(V) El placer vital

 


 

 

Por Humberto Ortiz.

El placer lo presenta Aristóteles como “una actividad de la disposición de acuerdo a su naturaleza” (1153a 13) que acompaña en muchas otras actividades, sean corporales, sociales, políticas o intelectuales. Cada placer tiene su finalidad en el mismo acto placentero. Hay, por supuesto, muchos tipos de placeres y entre ellos pueden acercarse o repelerse; pero por su naturaleza, todo placer reclama su propio cumplimiento. Y, en todo caso, el placer sería un hábito natural realizándose y no una mera ganancia obtenida al cumplirse algo.

Ningún placer, por sí mismo, sería malo, como acusaban algunos moralistas griegos; al contrario, lo placentero sería una cualidad propia del vivir, tan sencilla como el propio estar activo. El gozar sería el acto complacido de sí. Quizás haya hábitos viciosos o inmorales, pero lo esencial y valioso de la actividad placentera sería que se origina en la raíz de la naturaleza humana para acompañar, o no, a cualquier hábito que se realice.

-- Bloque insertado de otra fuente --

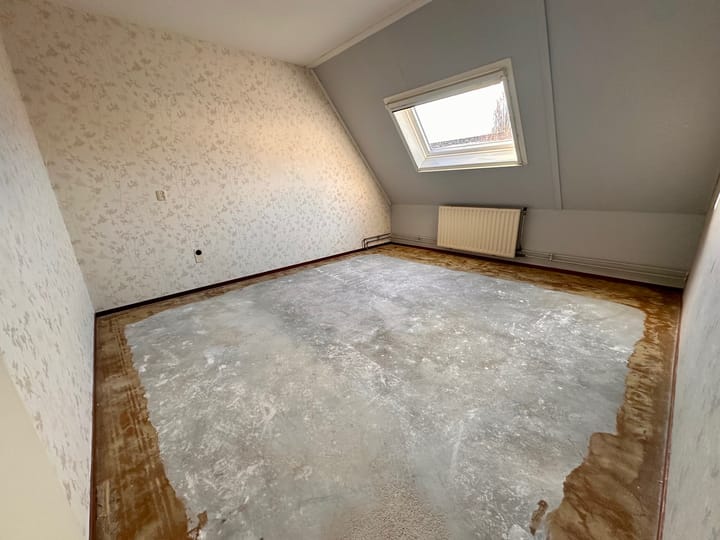 Foto 3 van Duinroos 6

Aristóteles habla de los placeres necesarios, que se activan por asuntos propiamente corporales: son los más intensos y los más apetecibles. Responden a la natural necesidad vital de alejarnos, con razón, de la insatisfacción corporal. Son placeres inmediatos que cataloga como “agradables por accidente”, en tanto sólo sanan temporalmente algún profundo dolor y no perfeccionan la actividad humana. No garantizan la felicidad y encienden las pasiones.

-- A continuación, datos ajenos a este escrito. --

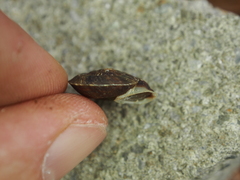 Helicigona lapicida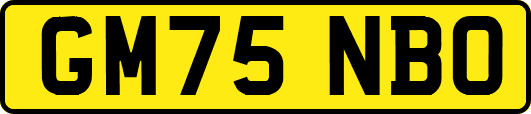 GM75NBO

Hay también los que llama “agradables por naturaleza” (1154b 17-20), que son actividades que producen una satisfacción al depurar o afinar los mismos hábitos naturales. Aquí estarían las actividades políticas, cuando buscan perfeccionar la convivencia; las actividades técnicas o poéticas, que alivian la vida humana con un hacer artificial; y las actividades contemplativas, donde la humanidad se muestra en su actividad más propia.

Pero, “No hay nada que nos sea siempre agradable, porque nuestra naturaleza no es simple.” (1154b 21).

Si fuéramos simples, no habría polémica, pero la complejidad de nuestro ser nos activa de distintas maneras y las tendencias de nuestras variadas naturalezas entran pronto en conflicto, cada una reclamando su propio placer. Por ello, la vida se hace más agradable cuando logramos un equilibrio entre nuestras tendencias, sin doblegar a ninguna.

Recordemos que somos perecederos, que hay algo en nuestra propia naturaleza que transita en contra de la misma naturaleza activa de la vida. El equilibrio entre esas dos tendencias, ambas naturales e íntimas, hace que el acto vital no sea ni sólo doloroso ni sólo agradable, que se mantenga entre esas dos posibilidades.

“Si la naturaleza de alguien fuera simple, la misma actividad sería siempre la más agradable.” (1154b 25).